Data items
──────────

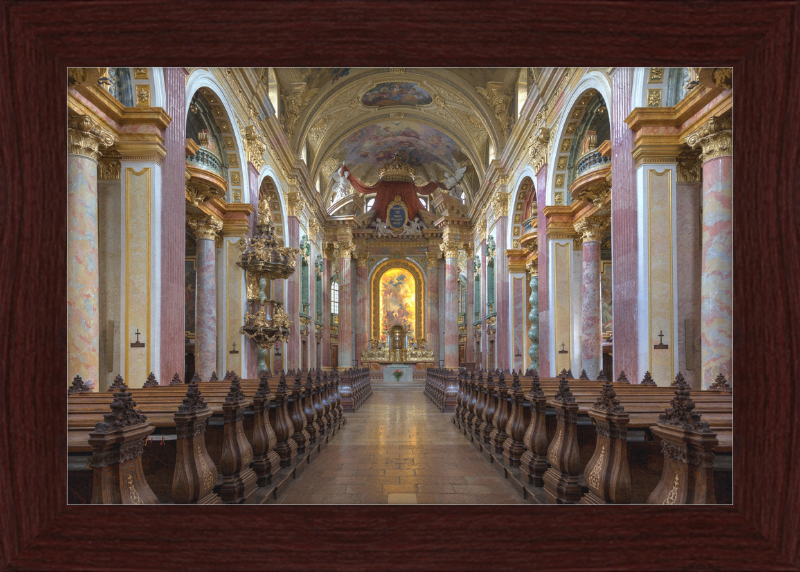 Interior View of the Jesuit Church in Vienna, Austria - Great Pictures Framed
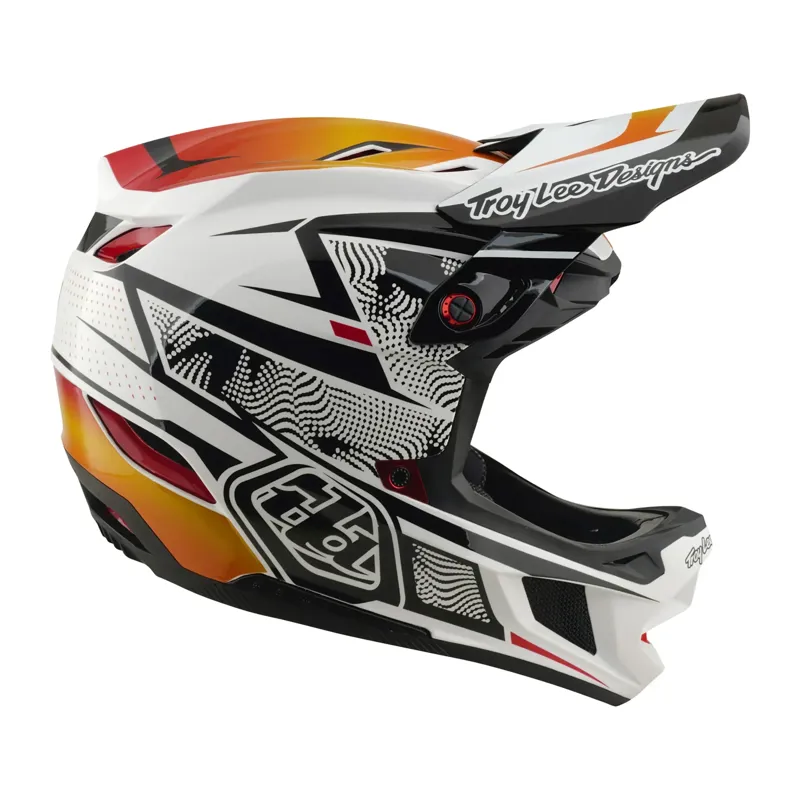 Troy Lee Designs D4 Composite MIPS Full Face Helmet in Lined Up White-4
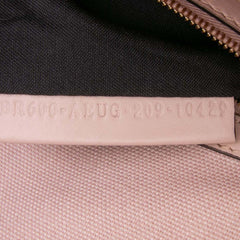 Zucca Embroidered Canvas Baguette Satchel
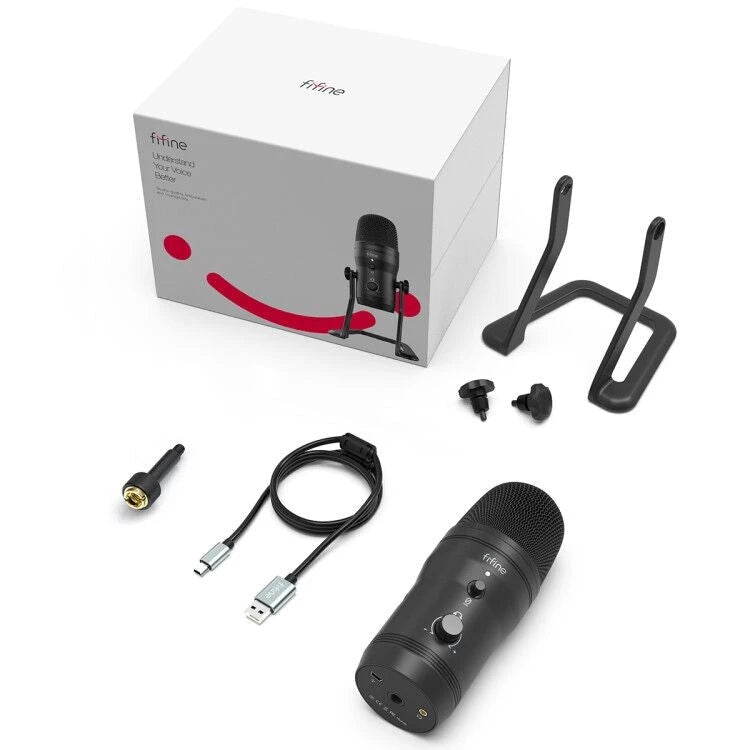 Fifine K690 USB Studio Condenser Mic with Four Polar Pattern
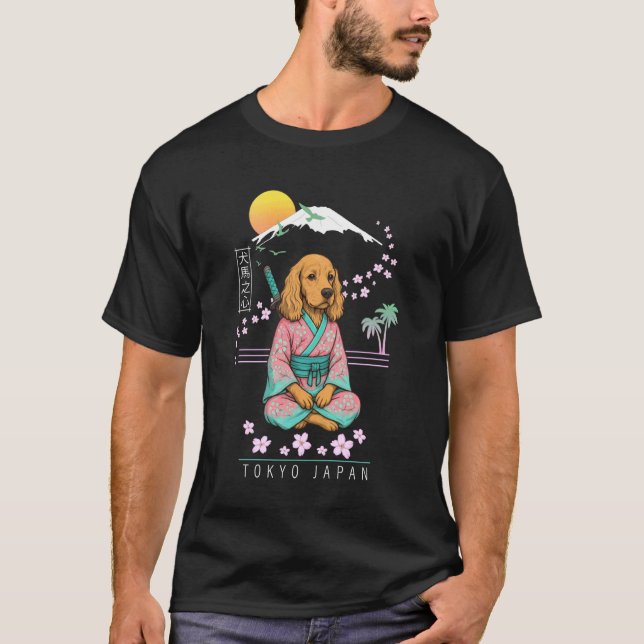 Englischer Cocker Spaniel T-Shirt (Vorderseite)
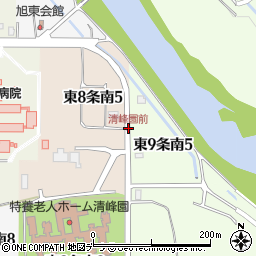 清峰園前周辺の地図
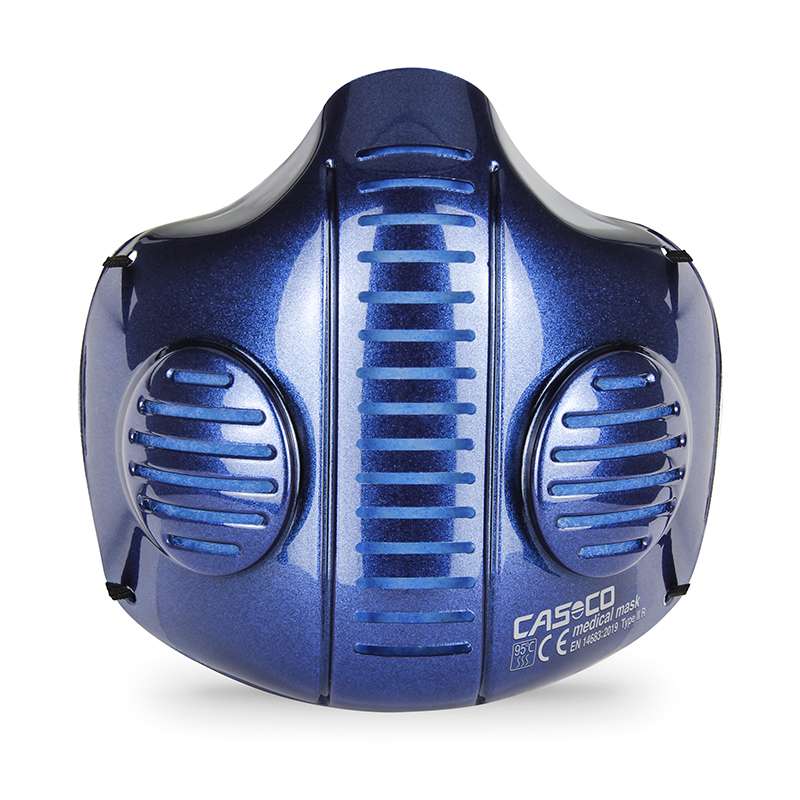 CASCO Ochranná maska 2.0 CASCO, metalic blue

──────────

#### [Task requirements]
Exact copy required, pictures excluded: the lines from the one holding "Fifine K690 USB" through the last line of the data, both ends included.

#### [Written answer]
 Fifine K690 USB Studio Condenser Mic with Four Polar Pattern
 Englischer Cocker Spaniel T-Shirt (Vorderseite)
 清峰園前周辺の地図
 CASCO Ochranná maska 2.0 CASCO, metalic blue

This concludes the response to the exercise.